Leitsatz
Tritt eine GmbH einer (bereits bestehenden) Kommanditgesellschaft als Komplementärin ohne Verpflichtung zur Leistung einer Einlage bei, werden hierdurch nicht die Bewertungswahlrechte des § 24 UmwStG eröffnet.
Normenkette
§ 24 UmwStG 1977
Sachverhalt
Eine KG, deren Komplementär der Kläger war, wurde im Dezember 1993 in eine GmbH & Co. KG umstrukturiert, indem eine GmbH als Komplementärin eintrat und der Kläger weiterer Kommanditist wurde. Die GmbH war am Vermögen der KG nicht beteiligt und erhielt lediglich eine Haftungsvergütung. Nach dem Gesellschaftsvertrag sollte die neue KG die bisherige KG mit allen Aktiven und Passiven zum Teilwert übernehmen. Im Jahr 1993 ergab sich durch den Teilwertansatz nach Meinung des Klägers ein tarifbegünstigter Einbringungsgewinn.
Das FA hielt die Aufstockung für unzulässig, sodass einerseits kein Einbringungsgewinn besteuert wurde, in den Folgejahren aber auch geringere Abschreibungen anfielen. Einspruch und Klage (EFG 2005, 1155) blieben erfolglos.
Entscheidung
Der BFH bestätigte die Vorentscheidung. Es habe keine Einbringung i.S.d. § 24 UmwStG, sondern nur eine identitätswahrende Umstrukturierung stattgefunden. Auch analog sei die Vorschrift nicht anzuwenden, weil mangels Einlage der GmbH kein veräußerungsähnlicher Vorgang vorliege.
Hinweis
1. Das Urteil betrifft ein Aufstockungsmodell, von dem früher häufig Gebrauch gemacht wurde, solange der Einbringungsgewinn nach § 24 UmwStG bei Wahl des Teilwertansatzes noch tarifbegünstigt war. Die Vergünstigung ist ab 1994 insoweit weggefallen, als der einbringende Gesellschafter an der neuen Gesellschaft selbst beteiligt ist (sog. Veräußerung an sich selbst). Im Besprechungsfall hatte noch kurz vor Inkrafttreten der Gesetzesänderung Ende 1993 von dem Aufstockungsmodell Gebrauch gemacht werden sollen.

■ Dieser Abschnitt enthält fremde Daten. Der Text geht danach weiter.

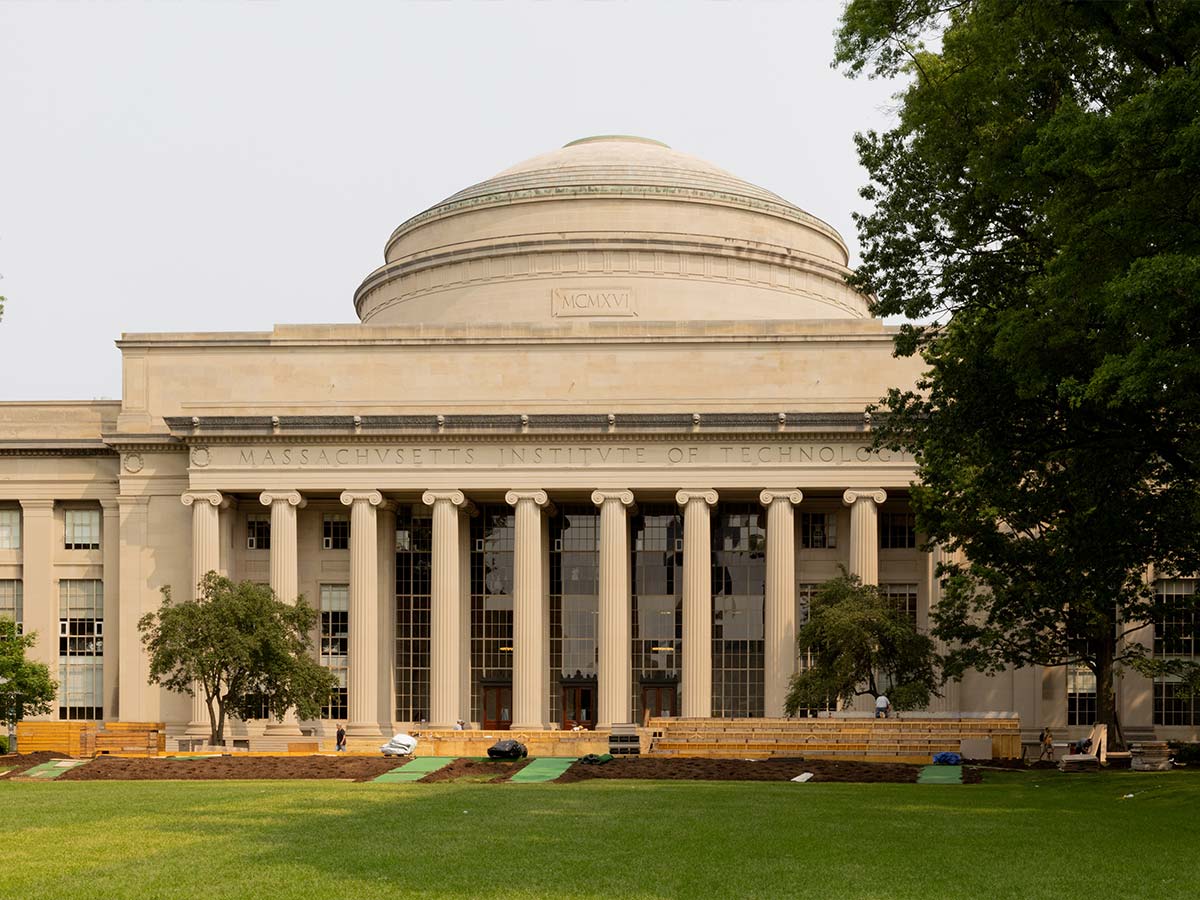 Massachusetts Institute of Technology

2. Die Besonderheit des Falls liegt darin, dass ein Gesellschafter (Komplementär-GmbH) in eine KG eintrat, ohne an deren Vermögen beteiligt zu werden und ohne eine Einlage zu leisten. Diese Gestaltung beurteilt der BFH nicht als Gründung einer neuen Gesellschaft, in die die bisherigen Gesellschafter ihre Mitunternehmeranteile einbringen. Deshalb fehlt es bereits an einer Einbringung i.S.d. § 24 UmwStG. Ähnlich hatte der BFH in seinem Urteil vom 18.03.1999, IV R 26/98 (BStBl II 2006, 604) schon für die unentgeltliche Änderung der Beteiligungsverhältnisse entschieden.
3. Von der Anwendbarkeit des § 24 UmwStG ist der BFH allerdings bisher ausgegangen, wenn ein Gesellschafter gegen Leistung einer Einlage in das Gesellschaftsvermögen eintritt.
Die den bisherigen Gesellschaftern zustehenden stillen Reserven können in diesem Zusammenhang durch Wahl des Teilwertansatzes aufgedeckt werden. Daran kann auch ohne die Tarifbegünstigung des Einbringungsgewinns ein Interesse bestehen, wenn dadurch Verluste genutzt werden können. Hiergegen wird von Reiß (in Kirchhof/Söhn/Mellinghoff, EStG, § 16 Anm. C 65 f.) m.E. zutreffend eingewendet, dass wertmäßig keine Änderung der Beteiligungsverhältnisse eintrete. Die Anteile der Altgesellschafter veränderten sich mithin nicht; es werde auch kein Entgelt gezahlt.
Die Frage war bei Wahl des Buchwertansatzes bisher ohne Bedeutung. Die Rechtslage hat sich aber jetzt durch das SEStEG insoweit geändert, als § 24 UmwStG seit 2007 grundsätzlich den Ansatz des gemeinen Werts vorsieht. Zwar wird häufig von dem Wahlrecht zum Buchwertansatz nach § 24 Abs. 2 Satz 2 UmwStG n.F. Gebrauch gemacht werden können.
Sollten diese Voraussetzungen aber nicht vorliegen, müsste der BFH m.E. noch einmal überprüfen, ob es zu einer Zwangsrealisierung stiller Reserven kommen darf, auch wenn kein veräußerungsähnliches Geschäft vorliegt.